Svenska mästerskapet

Tournament information
- Sport: Handball
- Teams: 32

Final positions
- Champions: IFK Lidingö (1st title)
- Runner-up: SoIK Hellas

= 1948–49 Svenska mästerskapet (men's handball) =

The 1948–49 Svenska mästerskapet was the 18th season of Svenska mästerskapet, a tournament held to determine the Swedish Champions of men's handball. The tournament was contested by all Allsvenskan teams and all District Champions, along with invited teams from Division II. 32 teams competed in the tournament. IFK Kristianstad were the defending champions, but were eliminated by IFK Lidingö in the semifinals. IFK Lidingö won the title, defeating cross-town rivals SoIK Hellas in the final. The semifinals and final were played on 19–20 March in Eriksdalshallen in Stockholm.
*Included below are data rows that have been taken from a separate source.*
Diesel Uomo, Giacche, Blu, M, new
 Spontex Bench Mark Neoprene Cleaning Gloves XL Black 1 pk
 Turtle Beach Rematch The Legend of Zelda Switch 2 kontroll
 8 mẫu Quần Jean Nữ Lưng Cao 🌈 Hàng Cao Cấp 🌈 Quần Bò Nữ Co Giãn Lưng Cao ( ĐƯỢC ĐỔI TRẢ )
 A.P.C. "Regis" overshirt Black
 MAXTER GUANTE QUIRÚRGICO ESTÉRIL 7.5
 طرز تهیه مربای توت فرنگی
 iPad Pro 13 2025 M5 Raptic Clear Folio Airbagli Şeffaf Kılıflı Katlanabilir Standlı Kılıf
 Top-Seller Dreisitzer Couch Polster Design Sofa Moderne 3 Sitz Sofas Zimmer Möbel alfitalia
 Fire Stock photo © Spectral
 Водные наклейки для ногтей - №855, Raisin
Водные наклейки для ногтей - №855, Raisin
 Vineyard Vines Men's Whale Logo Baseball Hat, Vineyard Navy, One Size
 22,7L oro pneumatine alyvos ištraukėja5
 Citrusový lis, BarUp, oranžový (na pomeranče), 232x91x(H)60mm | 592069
The final was watched by 1,403 spectators.

==Results==

=== First Round ===
- Norrköpings AIS–IFK Lidingö 9–13
- Näsby IF–IFK Karlskrona 9–8
- Skövde AIK–Jönköpings BK 13–5
- Sollefteå GIF–IFK Östersund 15–7
- Sandvikens IF–Kubikenborg 35–2
- Upsala Studenters IF–Norslunds IF 24–9
- IFK Kristianstad–IFK Hässleholm 13–9
- F 11 Nyköping–Västerås HF 20–19
- AIK–Västerås IK 8–6
- Örebro SK–IF Hellton 21–8
- Umeå IK–Luleå SK 10–4
- Visby IF–SoIK Hellas 14–21
- GF Kroppskultur–Majornas IK 10–24
- HK Drott–IK Heim 15–14
- IFK Malmö–Ystads IF 9–11
- Redbergslids IK–Göteborgs BIS 12–8

=== Second Round ===
- IFK Lidingö–Näsby IF 17–11
- Skövde AIK–Sollefteå GIF 17–8
- Sandvikens IF–Upsala Studenters IF 14–8
- IFK Kristianstad–F 11 Nyköping 12–10
- AIK–Örebro SK 13–8
- Umeå IK–SoIK Hellas 6–7
- Majornas IK–HK Drott 14–8
- Ystads IF–Redbergslids IK 9–8

=== Quarterfinals ===
- IFK Lidingö–Skövde AIK 14–8
- Sandvikens IF–IFK Kristianstad 14–17
- AIK–SoIK Hellas 8–15
- Majornas IK–Ystads IF 17–11

=== Semifinals ===
- IFK Lidingö–IFK Kristianstad 9–6
- SoIK Hellas–Majornas IK 11–9

=== Match for third place ===
- Majornas IK–IFK Kristianstad 14–10

=== Final ===
- IFK Lidingö–SoIK Hellas 7–4

== Champions ==
The following players for IFK Lidingö received a winner's medal: Arne Lindecrantz, Erik Ek (3 goals in the final), Lars Eriksson (2), Bengt Arenander, Roland Hagen (2), Lars-Eric Johansson, Lennart Hedberg, Claes Kåhre, Harry Larnefeldt and Axel Eriksson.